The Serializable level is out of scope for this benchmark, so Read Committed isolation level is used for PostgreSQL as well.
4. Workloads
The workloads used in the benchmark have been selected to give a fair representation of behavior for both LeanXcale and PostgreSQL, and are not weighted in any way towards or against either.
No auto-commit
The auto-commit function for both LeanXcale and PostgreSQL is disabled. This is because we want to be able to manage operations in batch to improve performance.
|
4.1. Scenarios
In the benchmark, we use 5 workload scenarios, 4 one-operation scenarios, and 1 mixed-operations scenario.
4.1.1. Single
-
Load: pure
INSERT
statements with batch size of 1000 rows, loading 400000 rows. -
Read: pure
SELECT
statements based on the primary key, getting 50000 rows. -
Update: pure
UPDATE
statements based on the primary key, updating 50000 rows. -
Scan: pure
SELECT
statements from a random key till the end of the table, uniform distribution around1000 rows
5. Metrics
In the benchmark we collect Throughput (operations per second) and Average Latency (µs) of the operations launched.
All metrics are measured from the YCSB client side for fairness.
6. LeanXcale Setup
LeanXcale is aimed towards clusters out of the box, so there is no special installation of a clustering tool. All that is required is to update the configuration inventory file to contain the names of the machines on which you are going to install the database.
6.1. JDBC
The LeanXcale JDBC Driver is bundled by default with the distribution package elasticdriver-<version>-jar-with-dependencies.jar
, and is placed in the ycsb-<version>/jdbc-binding/lib
directory.
7. Results
7.1. Throughput results
7.1.1. LOAD operation
For the LOAD
scenario, PostgreSQL performance decreases as we add processes and threads.
LeanXcale performance also decreases, but keeps a better and more stable shape, providing almost double performance at the max client-threads point, due to the request management and flow control mechanisms.
7.1.2. READ operation
In the READ
scenario, PostgreSQL gives good performance in the lower range, but drops off rather quickly as number of requests increases, and at the higher range is overloaded.
LeanXcale performance lags in the lower range, but then continues to improve consistently.
7.1.3. UPDATE operation
In the UPDATE
scenario PostgreSQL performs rather evenly over the range. This is due the monolithic architecture, and the JDBC batching strategy. When an update is issued, the database needs to perform a get operation to check if the key exists and then an update operation of the key if exists.

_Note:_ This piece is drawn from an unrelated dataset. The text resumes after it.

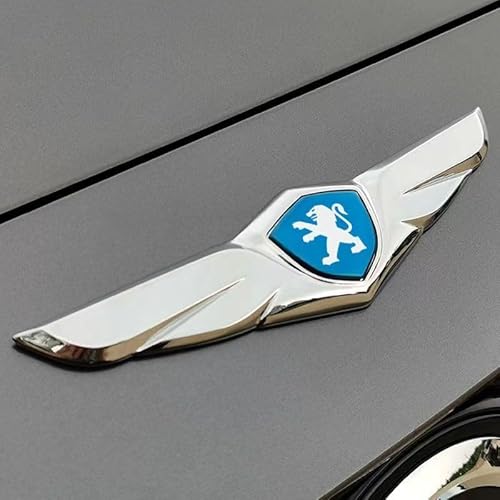 QVBGFF Auto-emblemen badge-logo, voor Peugeot 107 207 407 408 206 306 307 308 406 806 3008 4008 Letter autostickers en emblemen embleem, auto decoratieve styling exterieuraccessoires,D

LeanXcale performance is irregular over the range, and only achieves better performance in the highest range. This is due to the LeanXcale cluster architecture. Reads and inserts are distributed over all machines, which means operations cannot be threaded as a batch, so they have to be executed one by one.
7.1.4. SCAN operation
With the SCAN
scenario, PostgreSQL shows a poor performance profile, even though scans are distributed over nodes both PostgreSQL nodes (writer and reader/replica).
LeanXcale uses performance shows an early dropoff and slow degrading, but at a significantly high level. This is because of the Key-Value datastore and allowing data from scans to stream sequentially. Also the high performance mono-thread architecture of the datasource reduces the context switch while getting the results.
7.2. Latency results
7.2.1. LOAD latency
The LOAD
scenario shows PostgreSQL latency at a consistent and low level. This is due to the monolithic structure of PostgreSQL - all inserts go to a single machine, and the behavior is predictable.
LeanXcale handles it differently, and has to allocate the workload over available nodes, which generates increased latency. On the other hand, this allows for greater throughput.
7.2.2. READ latency
For the READ
scenario, PostgreSQL performs reliably and consistently, again an effect of the monolithic architecture.
LeanXcale, again, has to distribute the work over the nodes, which generates higher latency, but provides better throughput.
7.2.3. UPDATE latency
The UPDATE
scenario shows how PostgreSQL has an irregular profile and has behaves unpredictably.
LeanXcale provides a stable throughput and a significantly better latency at all loads.
8. Total Cost of Ownership
When calculating the total cost of ownership of your database solution it is easy to ignore the impact of performance and latency. Hoever, the actual running costs over time can be very severely impacted by how the database operates.
In this benchmark, the different costs for PostgreSQL and LeanXcale are markedly different.
DB | Insert | Read | Scan |
---|---|---|---|
PostgreSQL |
256.35 |
253.11 |
222.54 |
LeanXcale |
54.135 |
57.293 |
DB | Insert | Read | Scan |
---|---|---|---|
PostgreSQL |
6721.90 |
7187.43 |
93292.89 |
LeanXcale |
12101.15 |
9529.08 |
3404775.94 |
9. Time To Market
When developing your solution you want to move quickly from concept to market delivery. The time to market for any new solution is a very important, yet often overlooked aspect of the development decision process. Moving from development to scaling up to a finished product needs to be a smooth transition. Steep learning curves or slow deployment in the initial development can be as detrimental as complicated migrations or basic technology changes at a late stage, and both can have severely detrimental effects on the bottom line.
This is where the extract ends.